In Colombia, more than 21 million people live in rental or subrental housing, which is equivalent to 40% of the country’s households. This was shown by the National Quality of Life Survey (ECV) and analyses of the real estate sector. The ECV also indicates that in 2018, 34% of households lived in rental housing. The structural transformation over the years in housing preferences is clear, associated with economic conditions, labor dynamics, and changes in household composition.
In other words, Colombia is becoming a country of renters, among other reasons, due to the high costs of buying housing. But also because of greater restrictions on access to mortgage credit and the drop in sales of social-interest housing between 2023 and 2024, as a result of a policy from the administration of President Gustavo Petro.
Related: Petro’s Meeting with Westcol Becomes a Social Media Hit in Colombia.
More reasons why Colombia is a country of renters
Among the factors that most influence this situation is the financial environment. High interest rates, explains the newspaper Portafolio, combined with the requirement to have savings close to 30% of the property value, have limited the possibility of purchasing, especially for households in strata 1, 2, and 3, whose incomes have not increased at the same rate as inflation.
But there is more.

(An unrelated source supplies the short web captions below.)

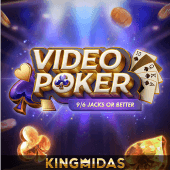 Video Poker arion play slot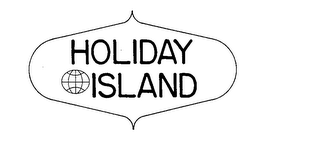 HOLIDAY ISLAND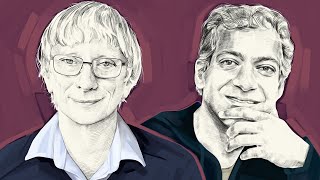 David Deutsch and Naval Ravikant - The Fabric of Reality And Much More | The Tim Ferriss Show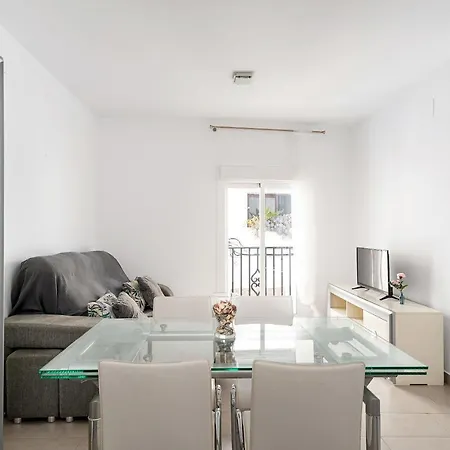 Entre Vientos - Solo Familias Apartment Conil De La Frontera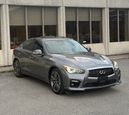 INFINITI Q50 2014 - Thumbnail 1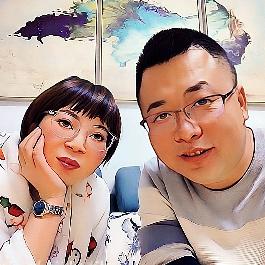 大伟的快乐生活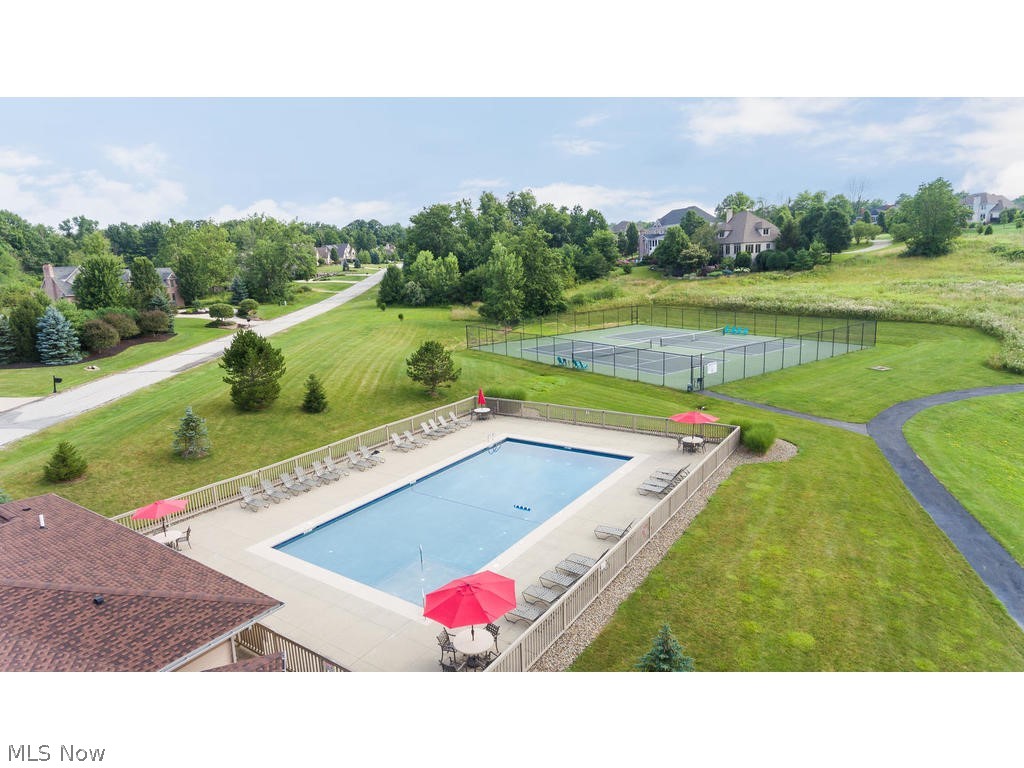 Firestone Trace - Residential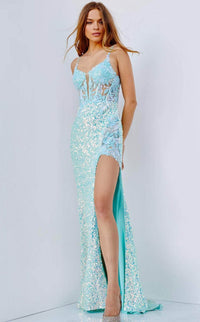 Jovani 24299 Dress view 6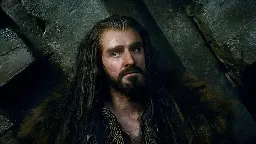 Exclusive: The Hobbit's Richard Armitage looks back on playing Thorin Oakenshield 11 years after its release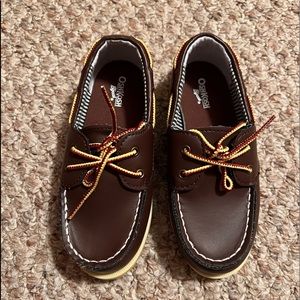 Boy shoes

Paola Suarez, Vice President of Marketing at Seguros Bolívar and of the real estate ecosystem El Libertador – Ciencuadras, stated, cited by the same economic outlet, that the growth of rentals is also influenced by “new labor and lifestyle dynamics such as increased mobility, telework, and the need for flexibility.”
As if that were not enough, there are also statements by President Gustavo Petro, which have a profound influence among his followers, and which discourage the purchase of one’s own home. For Petro, buying housing in Colombia is a matter for “fools.” He said this at his most recent cabinet meeting, where, paradoxically, he addressed his Minister of Housing, City, and Territory, Helga María Rivas Ardila:
“We need another conquest like housing. Madam Minister, what are you waiting for? What is the battalion of engineers for if not to build homes?” asked the president of his official. “Make it act. Nothing, we come out of Camacol and Camacol and Camacol [the private Colombian Chamber of Construction]… asking for subsidies,” he criticized. Then he released his striking expression. He said that people do not buy homes because interest rates are too high. “Foolish is the one who buys a house today.”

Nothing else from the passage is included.